To help understand the causes and consequences of ocean deoxygenation, the scientists reviewed geological records from numerous low oxygen events that occurred thousands to millions of years ago in Earth’s past. From these records, the scientists were able to deduce that both the configuration of the continents and climate are critical factors that can influence oxygen depletion. Zones of low oxygen in the ocean were observed to be contracted during cold periods and greatly expanded during warm intervals.
According to authors of the report:
The overwhelming message emerging from the historical record is that the extent of oxygen-depleted waters is very sensitive to climate.
The geological record also demonstrates that low oxygen levels in the ocean can have devastating impacts on marine life. Notably, widespread and extremely low ocean oxygen levels during the Permian-Triassic extinction event approximately 252 million years ago were associated with the loss of about 90% of all marine animal taxa.
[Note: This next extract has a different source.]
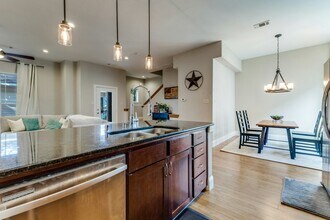 5914 Hudson St in Dallas, TX - Building Photo - Building Photo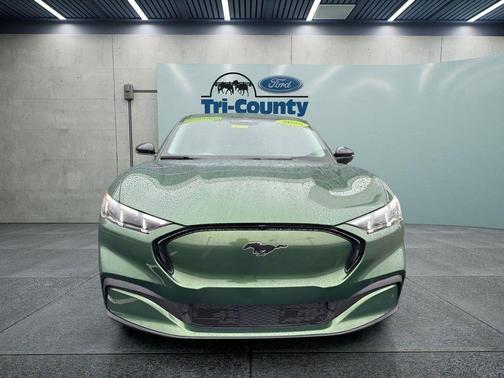 Eruption Green Metallic 2025 Ford Mustang Mach-E Premium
Future trends in ocean health are difficult to predict due to the scarcity of long-term data on ocean oxygen levels. A decline of 1 to 7% in global ocean oxygen over the next century is possible according to climate models, and the decline could persist for 1,000 years or more. Such a decline in ocean oxygen could lead to a variety of negative impacts including habitat loss, decreases in ocean biodiversity and productivity, alterations in biogeochemical cycling and a reduction in fisheries.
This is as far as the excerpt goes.